La chute du mur de Berlin, le 9 novembre 1989, l'ancien diplomate russe Vladimir Fédorovski, l'a suivie de près. Ce proche de Mikhaïl Gorbatchev explique au micro d'Europe 1 que dans les couloirs du Kremlin on parlait déjà de la chute du mur au printemps 1989. Et qu'il y avait deux camps opposés.

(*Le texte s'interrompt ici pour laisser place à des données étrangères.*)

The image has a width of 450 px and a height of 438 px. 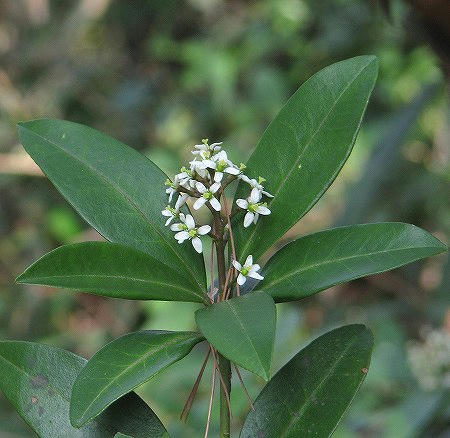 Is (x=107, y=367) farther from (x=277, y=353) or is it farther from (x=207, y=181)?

"Dès le début de l'année, le KGB envoie des dépêches disant que si ça continue comme ça, c'est la fin de la RDA, la fin de l'URSS, la fin du pacte de Varsovie", raconte Vladimir Fédorovski. "C'était écrit noir sur blanc et il y avait deux camps : d'un côté, le KGB et l'armée, et de l'autre côté, mes amis, le numéro 2 du régime Iakovlev et Chevardnadze, le ministre des Affaires étrangères. Les discussions étaient très rudes, deux contre deux. Et Gorbatchev faisait l'arbitre", se souvient l'ancien diplomate.

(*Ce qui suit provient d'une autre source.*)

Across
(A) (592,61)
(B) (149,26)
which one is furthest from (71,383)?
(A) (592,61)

"L’Occident était très réticent et le KGB utilisait ça"
À l'époque, le KGB prévoyait de faire intervenir des centaines de milliers de soldats soviétiques en RDA, au risque de faire un millier de morts. "Le sale boulot devait être fait, selon le KGB, par des gens de la RDA, mais n'oubliez pas que les Russes avaient presque 500.000 hommes là-bas", rappelle Vladimir Fédorovski.

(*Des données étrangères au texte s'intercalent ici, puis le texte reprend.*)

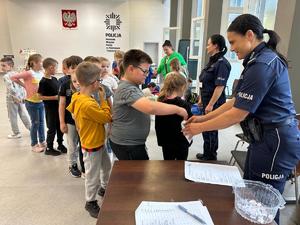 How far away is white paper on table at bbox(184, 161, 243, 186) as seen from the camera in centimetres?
124

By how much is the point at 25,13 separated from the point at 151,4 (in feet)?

"L'Occident était très réticent. Mitterrand ne demandait pas la réunification de l'Allemagne, Thatcher renvoyait les dépêches à Gorbatchev. Ils étaient inquiets et le KGB utilisait ça", note-t-il.
Il raconte : "Mon ami Iakovlev a eu une idée de génie, il appelle Raïssa Gorbatchev [la femme de Mikhaïl Gorbatchev, ndlr]. Gorbatchev revient chez lui, il était en retard, mais à temps pour le dîner, et elle l'a briefé. Iakovlev disait : 'si nous intervenons, nous sommes otages du KGB et de l'armée, c'est la fin de la perestroïka' et Raïssa a continué sur l'oreiller. Le lendemain, Gorbatchev revient. Pas d'intervention".
"Gorbatchev a mis les points sur les i et a demandé : 'combien ?' "
Iazov, le ministre de la Défense, et Krioutchkov, le patron du KGB, ont donc perdu. En juin 1989, Gorbatchev va à Bonn et, tout simplement, vend la RDA à Helmut Khol : "C'était un dîner bien arrosé pendant la visite officielle de Gorbatchev à Bonn en juin. Et Gorbatchev, - c'est comme Sarkozy, il ne supporte pas l'alcool - tandis que Khol a déjà bu ses deux bouteilles de vin", narre l'écrivain.
"Khol sort - il tutoyait Gorbatchev - et dit : 'Mikhaïl, tu sais, la réunification c'est comme le Rhin, c'est un fleuve et on ne peut pas l'arrêter'. À ce moment-là, il s'arrête de parler et il prononce une phrase fatidique : 'Et en plus, nous sommes prêts à payer'. Il y a eu un long silence d'une minute et Gorbatchev a mis les points sur les i et a demandé 'combien ?'. Là, la réunification a sonné."